Een onschuldige kalverliefde leidt tot een ongewenste zwangerschap. Hikari, een veertienjarig schoolmeisje uit Nara, staat onder druk om haar kind voor adoptie af te staan. Vijfhonderd kilometer verder, in Tokyo, lukt het Satoko maar niet om zwanger te worden. Haar echtgenoot Kiyokazu is wanhopig. Hij worstelt met schuldgevoelens omdat hij niet kan beantwoorden aan de traditionele waarden. Wat voor een echtgenoot is hij als hij zijn vrouw geen kind kan schenken? Dit drijft hem zo ver dat hij de scheiding aanvraagt. Het koppel maakt kennis met ‘Baby Baton’, een organisatie die ongewenst zwangere vrouwen opvangt en adoptieouders zoekt voor hun kinderen. De puzzelstukken vallen op hun plaats: ze adopteren de jongen Asato, de baby van Hikari.

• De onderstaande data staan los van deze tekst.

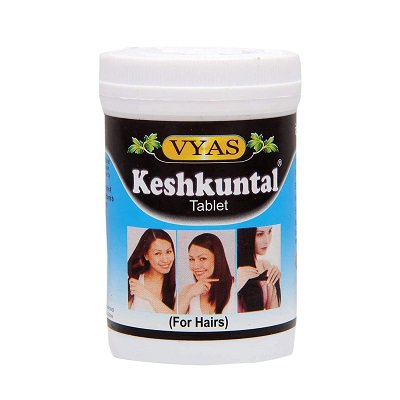 Средство для роста волос Кешкунтал (Keshkuntal) VYAS, 100 таб.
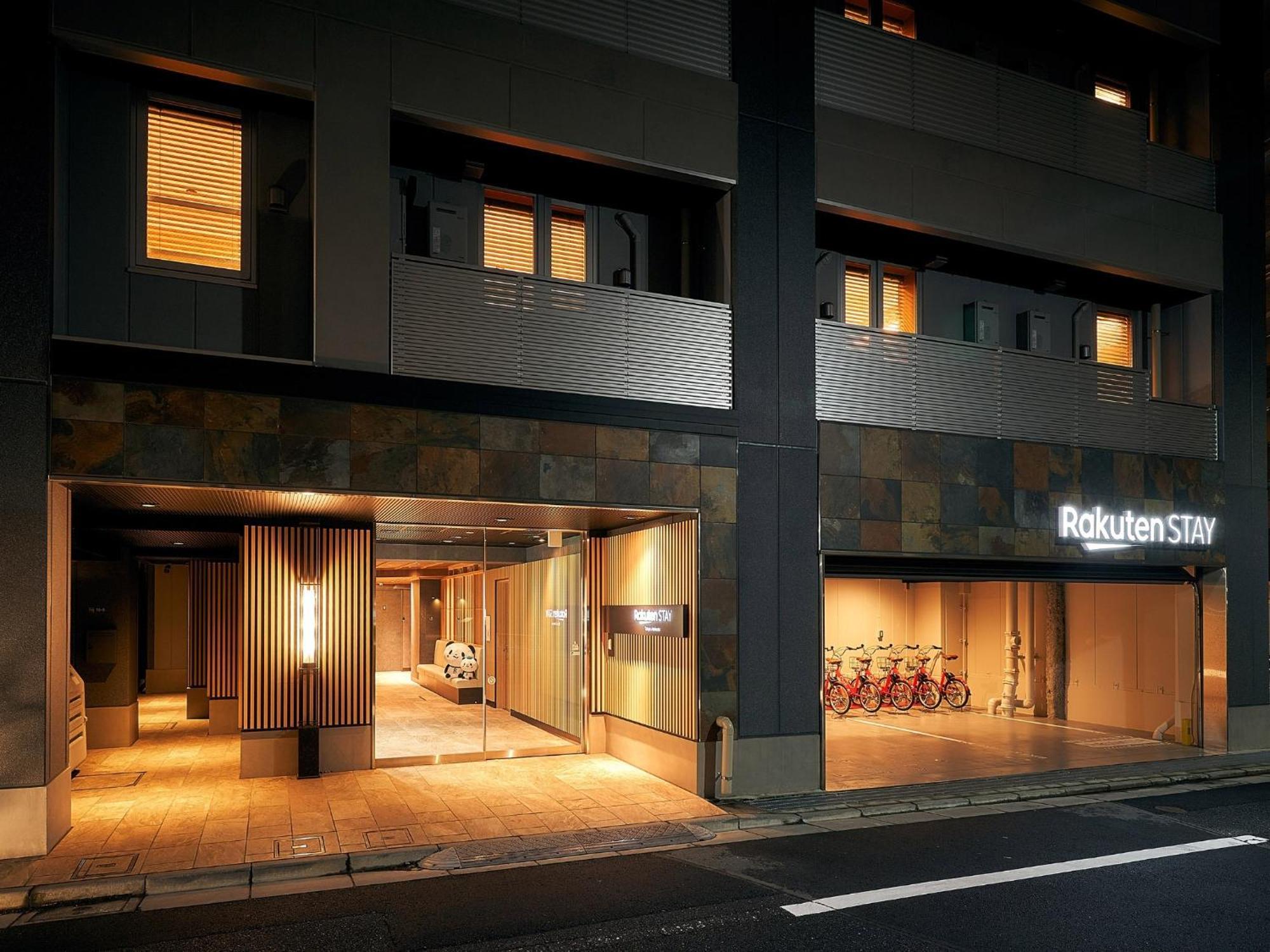 Rakuten Stay Tokyo Asakusa Twin Room Kültér fotó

Satoko en Kiyokazu genieten van hun gezinsgeluk tot Hikari jaren later – Asato is al een kleuter – bij hen op de stoep staat. De vrouw met gebleekte haren en schreeuwerige bomberjack die haar kind óf geld eist, lijkt helemaal niet meer op de onzekere veertienjarige die haar kind afstond. Satoko en Kiyokazu geloven hun ogen niet. Staat Asato’s biologische moeder voor hen, of hebben ze te maken met een oplichtster die uit is op een smak geld?
Regisseur Naomi Kawase verfilmde de roman van de Japanse schrijver Mizuki Tsujimura in lyrische, zonovergoten beelden en gevoelige scènes. Door flashbacks kijken we naar de liefde van een biologische- en een adoptiemoeder voor hun kind. Beiden zijn “echte moeders”.